1650 One man torpedo hull sighted bearing 280* T, range 1200 yards. This hull was about 3 feet out of the water, and appeared to be on a slight angle. No wake or movement was observed.
1651 Opened fire on hull with 3"50. No hits were made.
1652 Hull disappeared below surface.
1710 Sighted periscope bearing 290*T, range 300 yards.
1710 Guns ordered to open fire on periscope bearing. No hits observed.
1712 Periscope sighted on starboard bearing 060* true, range 500 Yards.
1712 All engines ahead flank. It appeared at this time that we were between 2 subs, and the best maneuver was to get the ship clear.
1715 Mine sighted 500 yards off starboard bow.
1716 PC 804 reported to be careful entering her area as sub was following her.
1716 Reported sighting mine to PC 804
1718 One man torpedo broached surface bearing 200* true 190* relative range 4000 yards. This was a different sub than the two just previously. It was about 3000 yards from the first one observed broaching, and may have been the same one.
1719 Course altered 90* to the left. All guns ordered to train on target and open fire. 40mm opened fire, gun casualty after one round, no hits.
1720 Target disappeared before any rounds were fired from 3"50.
1722 Resumed course for Underhill and PC 804.
1728 Ship sighted on horizon bearing 040*T. Challenged and identified as PCE 872.
1730 Arrived in area of Underhill and PCE 804.
1731 PC 803 warned PCE 872 to be careful of suicide subs and mines in area
1732 Commenced circling and screening Underhill while PC 804 went alongside to remove survivors.
1734 PCE 872 reported sound contact ( bearing 070*, 4 miles from Underhill ).
1740 PC 804 reported she was clearing Underhill, and would screen us, while we went alongside for the remaining survivors.
1745 Sound contact bearing 080* True, range 300 yards down doppler. This contact was between this ship and the PC 804 and the Underhill. Range to the Underhill was about 1700 yards..
1746 Course was altered to get between Underhill and target, and initiate mousetrap attack
1748 Speed reduced to 10 knots ship headed for target range 500 yards bearing 200 true.
1749 Mousetrap fired. The wrong recorder trace was used on this attack. The recorder trace showed 2 traces. One was our own wake and the other trace was the sub.

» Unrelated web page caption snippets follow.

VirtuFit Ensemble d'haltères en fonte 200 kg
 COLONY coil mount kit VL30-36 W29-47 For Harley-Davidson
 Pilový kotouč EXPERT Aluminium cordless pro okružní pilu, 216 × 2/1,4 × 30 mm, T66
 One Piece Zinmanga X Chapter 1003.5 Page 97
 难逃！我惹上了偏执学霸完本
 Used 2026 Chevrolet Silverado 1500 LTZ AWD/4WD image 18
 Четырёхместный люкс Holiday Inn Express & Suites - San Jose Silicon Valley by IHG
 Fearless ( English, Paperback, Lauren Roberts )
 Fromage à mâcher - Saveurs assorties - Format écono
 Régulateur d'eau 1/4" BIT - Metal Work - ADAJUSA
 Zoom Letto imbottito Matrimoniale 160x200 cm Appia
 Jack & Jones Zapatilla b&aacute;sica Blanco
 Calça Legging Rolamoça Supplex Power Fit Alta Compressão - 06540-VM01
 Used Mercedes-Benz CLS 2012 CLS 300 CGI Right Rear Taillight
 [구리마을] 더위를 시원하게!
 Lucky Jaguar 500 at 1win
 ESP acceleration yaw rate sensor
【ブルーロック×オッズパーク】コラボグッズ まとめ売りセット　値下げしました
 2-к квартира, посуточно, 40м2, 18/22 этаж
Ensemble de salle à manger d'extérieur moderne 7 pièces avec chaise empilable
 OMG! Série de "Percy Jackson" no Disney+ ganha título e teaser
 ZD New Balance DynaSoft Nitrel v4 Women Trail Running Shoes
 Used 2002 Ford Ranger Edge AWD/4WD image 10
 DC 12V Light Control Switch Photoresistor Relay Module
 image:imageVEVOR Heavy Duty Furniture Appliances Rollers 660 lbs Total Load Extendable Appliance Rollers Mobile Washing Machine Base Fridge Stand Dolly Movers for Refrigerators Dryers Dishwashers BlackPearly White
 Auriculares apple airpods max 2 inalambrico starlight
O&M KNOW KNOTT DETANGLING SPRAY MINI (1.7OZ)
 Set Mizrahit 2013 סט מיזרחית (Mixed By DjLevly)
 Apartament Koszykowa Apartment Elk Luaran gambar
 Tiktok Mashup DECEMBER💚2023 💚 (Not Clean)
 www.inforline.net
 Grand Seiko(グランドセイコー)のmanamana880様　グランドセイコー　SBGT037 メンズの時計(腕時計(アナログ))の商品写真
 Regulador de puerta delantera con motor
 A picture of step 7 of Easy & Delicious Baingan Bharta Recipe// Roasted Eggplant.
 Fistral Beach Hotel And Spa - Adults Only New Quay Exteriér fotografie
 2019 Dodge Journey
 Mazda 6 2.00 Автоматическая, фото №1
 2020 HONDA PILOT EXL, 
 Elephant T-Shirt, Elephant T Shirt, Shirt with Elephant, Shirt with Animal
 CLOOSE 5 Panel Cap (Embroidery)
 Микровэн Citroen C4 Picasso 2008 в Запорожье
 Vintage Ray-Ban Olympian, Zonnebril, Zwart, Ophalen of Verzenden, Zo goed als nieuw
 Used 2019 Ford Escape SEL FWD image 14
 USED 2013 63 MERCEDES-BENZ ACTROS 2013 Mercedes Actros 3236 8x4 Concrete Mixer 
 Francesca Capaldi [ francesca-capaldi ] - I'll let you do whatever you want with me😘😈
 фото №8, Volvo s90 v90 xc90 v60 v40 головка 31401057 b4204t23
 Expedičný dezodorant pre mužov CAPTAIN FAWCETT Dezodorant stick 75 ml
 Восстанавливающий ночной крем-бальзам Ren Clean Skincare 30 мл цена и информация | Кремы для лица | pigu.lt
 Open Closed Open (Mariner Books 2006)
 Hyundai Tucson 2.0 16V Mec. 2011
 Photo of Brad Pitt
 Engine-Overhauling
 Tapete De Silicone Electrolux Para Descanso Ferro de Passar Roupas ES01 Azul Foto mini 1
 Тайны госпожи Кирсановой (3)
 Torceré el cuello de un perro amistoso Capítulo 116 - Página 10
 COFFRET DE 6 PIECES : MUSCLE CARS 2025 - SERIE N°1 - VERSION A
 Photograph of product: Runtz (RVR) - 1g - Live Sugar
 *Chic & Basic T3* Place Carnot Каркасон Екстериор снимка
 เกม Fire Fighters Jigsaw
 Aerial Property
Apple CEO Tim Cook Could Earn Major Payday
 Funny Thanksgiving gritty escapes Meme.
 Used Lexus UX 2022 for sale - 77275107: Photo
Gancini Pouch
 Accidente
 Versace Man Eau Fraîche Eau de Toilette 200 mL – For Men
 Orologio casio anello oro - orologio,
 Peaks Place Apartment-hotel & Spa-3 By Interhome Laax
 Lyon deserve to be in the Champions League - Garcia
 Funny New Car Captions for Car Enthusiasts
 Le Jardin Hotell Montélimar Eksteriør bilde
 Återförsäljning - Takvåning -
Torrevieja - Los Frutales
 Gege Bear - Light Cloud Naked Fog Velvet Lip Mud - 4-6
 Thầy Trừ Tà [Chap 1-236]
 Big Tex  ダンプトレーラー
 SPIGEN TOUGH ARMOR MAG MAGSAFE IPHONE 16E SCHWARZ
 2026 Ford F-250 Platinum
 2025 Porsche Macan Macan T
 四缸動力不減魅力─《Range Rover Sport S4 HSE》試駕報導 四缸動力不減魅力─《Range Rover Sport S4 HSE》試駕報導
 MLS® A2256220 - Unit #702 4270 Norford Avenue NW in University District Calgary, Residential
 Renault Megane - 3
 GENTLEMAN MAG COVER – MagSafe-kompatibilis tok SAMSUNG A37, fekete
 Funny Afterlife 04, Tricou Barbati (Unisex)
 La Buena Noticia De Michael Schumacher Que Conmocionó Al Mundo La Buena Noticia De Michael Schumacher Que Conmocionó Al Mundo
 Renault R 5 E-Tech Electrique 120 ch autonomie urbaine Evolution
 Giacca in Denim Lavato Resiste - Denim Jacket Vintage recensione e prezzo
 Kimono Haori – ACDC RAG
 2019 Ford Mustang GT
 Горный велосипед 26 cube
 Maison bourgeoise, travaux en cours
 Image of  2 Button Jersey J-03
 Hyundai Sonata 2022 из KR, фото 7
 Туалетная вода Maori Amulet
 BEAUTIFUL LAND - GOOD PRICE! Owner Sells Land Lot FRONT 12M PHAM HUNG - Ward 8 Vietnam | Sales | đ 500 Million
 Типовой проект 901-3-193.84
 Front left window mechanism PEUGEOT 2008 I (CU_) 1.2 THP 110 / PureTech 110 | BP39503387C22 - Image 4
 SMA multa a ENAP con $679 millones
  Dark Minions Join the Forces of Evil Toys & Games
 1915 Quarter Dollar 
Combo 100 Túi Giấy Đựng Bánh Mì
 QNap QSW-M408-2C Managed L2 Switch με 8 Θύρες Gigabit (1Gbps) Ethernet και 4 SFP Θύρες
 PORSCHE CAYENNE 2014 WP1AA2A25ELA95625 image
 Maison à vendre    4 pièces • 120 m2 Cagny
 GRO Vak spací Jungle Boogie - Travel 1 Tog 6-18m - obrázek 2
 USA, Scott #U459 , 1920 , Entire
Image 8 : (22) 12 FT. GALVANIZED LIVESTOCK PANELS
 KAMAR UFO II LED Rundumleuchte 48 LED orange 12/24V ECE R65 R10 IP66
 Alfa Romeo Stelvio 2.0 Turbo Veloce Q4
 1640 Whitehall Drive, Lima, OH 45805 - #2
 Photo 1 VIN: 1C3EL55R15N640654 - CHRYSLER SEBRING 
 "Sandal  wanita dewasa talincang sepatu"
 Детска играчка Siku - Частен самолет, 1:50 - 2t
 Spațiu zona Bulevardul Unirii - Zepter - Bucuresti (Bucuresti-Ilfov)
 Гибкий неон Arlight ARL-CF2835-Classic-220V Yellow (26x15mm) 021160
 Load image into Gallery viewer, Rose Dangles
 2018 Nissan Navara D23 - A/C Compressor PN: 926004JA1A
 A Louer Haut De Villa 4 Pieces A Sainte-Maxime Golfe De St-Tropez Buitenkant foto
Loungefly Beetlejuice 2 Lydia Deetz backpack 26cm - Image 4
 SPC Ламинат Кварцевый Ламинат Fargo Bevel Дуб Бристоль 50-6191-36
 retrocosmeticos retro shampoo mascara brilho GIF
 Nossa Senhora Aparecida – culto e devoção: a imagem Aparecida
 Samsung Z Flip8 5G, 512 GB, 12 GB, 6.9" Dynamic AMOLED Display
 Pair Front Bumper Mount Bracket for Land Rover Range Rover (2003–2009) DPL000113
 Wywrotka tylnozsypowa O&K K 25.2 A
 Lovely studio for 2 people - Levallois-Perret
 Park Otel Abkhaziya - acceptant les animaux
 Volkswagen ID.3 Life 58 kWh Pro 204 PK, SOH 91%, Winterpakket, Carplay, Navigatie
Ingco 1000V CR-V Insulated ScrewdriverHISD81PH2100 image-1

The sub trace was inside of our wake trace and showed a range rate of about 25 knots.
1749 Right full rudder all engines ahead standard.
1750 Doubtful contact regained bearing 179* true, range 300 yards.
1750 Order given to standby for depth charge attack.
1751 Right standard rudder, contact last course 200*T.
1752 Order given to drop 2 depth charges over approximate location of last contact.
1752 Roll one depth charge.
1753 Roll two depth charge.
1754 No hits observed.
1755 PC 803 informed PC 804 sound contact lost, and to clear Underhill to enable us to come alongside Underhill..
1756 PC 804 cleared Underhill.
1800 PC 803 alongside Underhill with PC 804 screening us.
1810 82 survivors removed from Underhill. Senior Officer survivor reported Underhill was sinking slowly.. Senior Officer made last check of Underhill to be certain all survivors were off ship.
1811 Reported condition of Underhill to PC 804 and requested permission to sink hull.
1813 Permission granted.
1815 PC 803 clear of Underhill
1819 Line formed, PC 804, PC 803, PCE 872.
1821 Steaming by Underhill, opened fire.
1917 Underhill sunk.
1920 Course 135* T. set to return to convoy ,speed 14 knots. This was an evasive course, and also cleared the mine area.
1933 Sound contact bearing 090* , range 150 yards.
1933 PC 804, PCE 872 informed of contact. All engines ahead flank right rudder. No attack was initiated on this target. It was assumed by this time that we were combating suicide subs or torpedoes, and the risk of the ship with 158 persons aboard against a one man sub was not warranted.
2010 Transferred doctor to PC 804, to aid survivors.
2030 PCE 872 detached to return to escort PC 807 and SC 1509 through the area.
2031 All engines ahead flank.
2130 Course changed to 207* to intercept convoy.
2145 Light reported by lookout bearing 270* true.
2155 Light reported by lookout bearing 280* true.
2235 Secured from General Quarters.
0140 Rejoined convoy
0653 Transferred DE personnel to L. S. T. 768.

PART IV Ordnance.
A. All ordnance performed normally except the 40MM. This gun had a loading casualty on the first firing. The gun was back in operation after 4 minutes.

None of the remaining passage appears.